- [Required work]:
Retype each line of the material exactly, please, skipping any picture in it.

- [Data segment]:
-=-=-

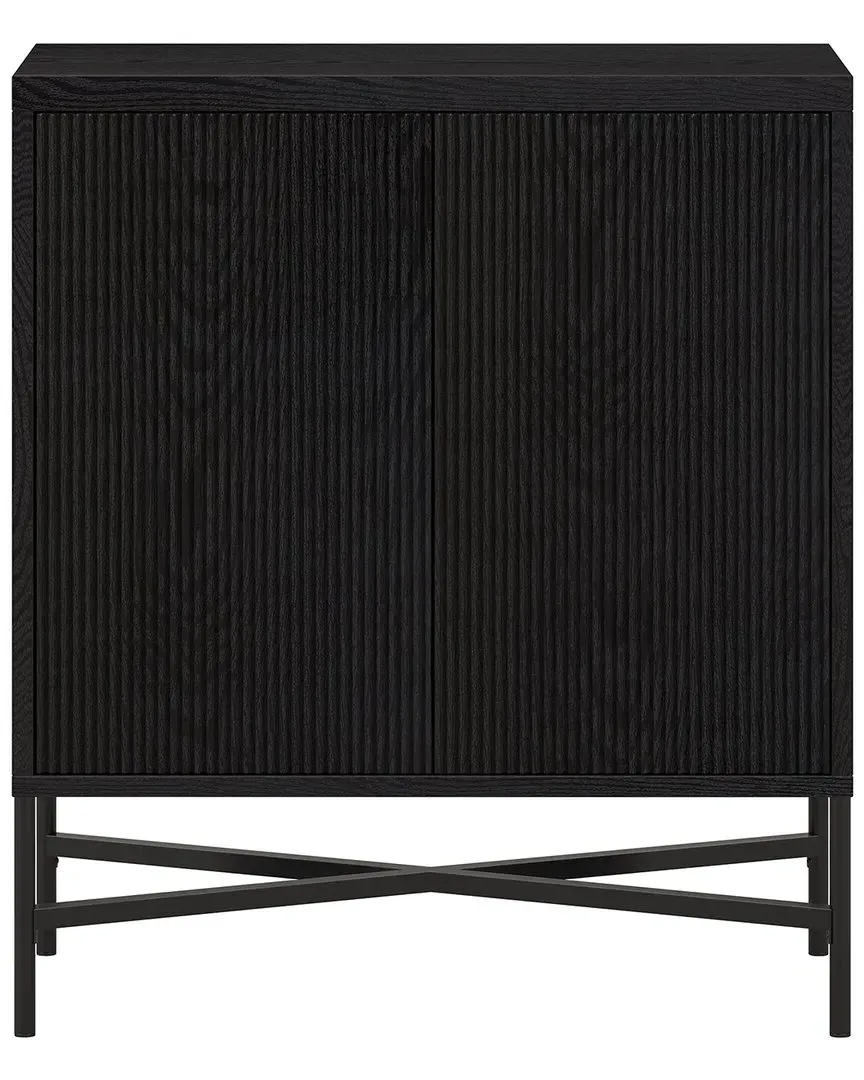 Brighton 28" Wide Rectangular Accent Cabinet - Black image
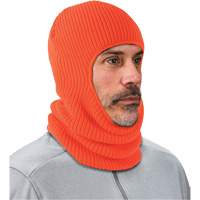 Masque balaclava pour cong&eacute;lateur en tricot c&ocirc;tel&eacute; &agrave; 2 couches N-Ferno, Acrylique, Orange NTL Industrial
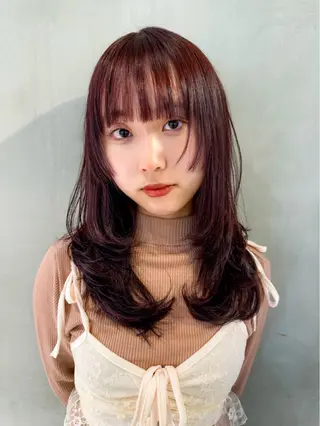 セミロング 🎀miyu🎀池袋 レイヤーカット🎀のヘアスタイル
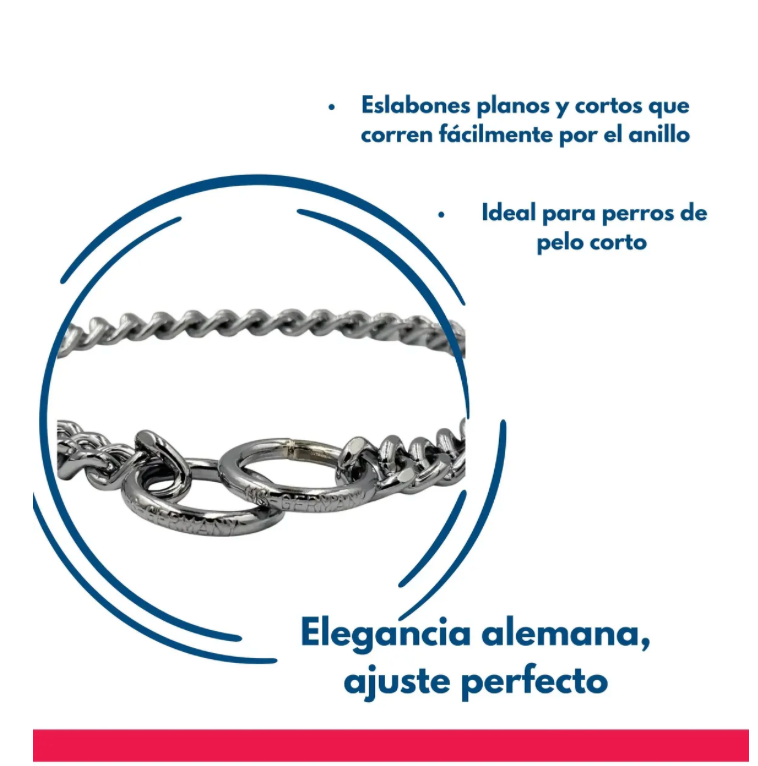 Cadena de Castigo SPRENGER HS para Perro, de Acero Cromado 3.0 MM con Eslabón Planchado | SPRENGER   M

-=-=-

- [Final answer]:
 Brighton 28" Wide Rectangular Accent Cabinet - Black image
 Masque balaclava pour cong&eacute;lateur en tricot c&ocirc;tel&eacute; &agrave; 2 couches N-Ferno, Acrylique, Orange NTL Industrial
 セミロング 🎀miyu🎀池袋 レイヤーカット🎀のヘアスタイル
 Cadena de Castigo SPRENGER HS para Perro, de Acero Cromado 3.0 MM con Eslabón Planchado | SPRENGER   M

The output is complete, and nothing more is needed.